Nach Angaben des Landratsamts wurden an den maßgeblichen Pegeln die festgelegten Niedrigwasserstände bereits erreicht oder werden in den kommenden Tagen unterschritten. Damit greift automatisch die Rechtsverordnung des Landkreises.
Verboten ist unter anderem die Entnahme von Wasser mit Pumpen, das Schöpfen mit Handgefäßen sowie ähnliche Wasserentnahmen aus den betroffenen Gewässern. Ziel ist es, die ohnehin stark belasteten Bäche und Flüsse zu schützen.

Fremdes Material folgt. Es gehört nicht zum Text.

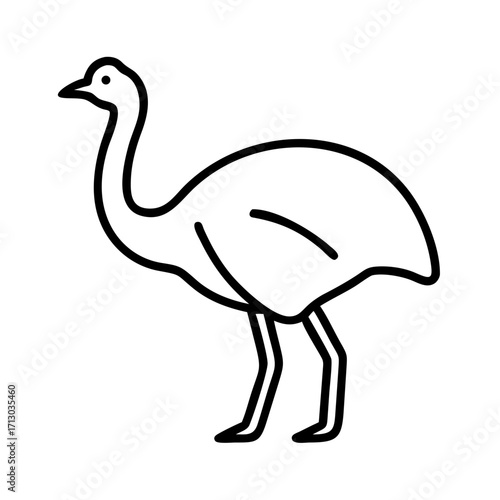 Vector outline drawing of an emu bird illustration for educational materials and coloring books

Ausgenommen von der Regelung sind der Rhein, der Titisee, der Schluchsee, der Windgfällweiher sowie Baggerseen mit einer Wasserfläche von mehr als zehn Hektar.
Das Tränken von Vieh bleibt grundsätzlich erlaubt, sofern das Gewässer dafür nicht aufgestaut oder baulich verändert wird und durch die Wasserentnahme keine zusätzlichen Schäden entstehen.
Nach aktueller Wetterprognose sind in den kommenden Tagen keine nennenswerten Niederschläge zu erwarten. Die Pegelstände dürften daher zunächst niedrig bleiben.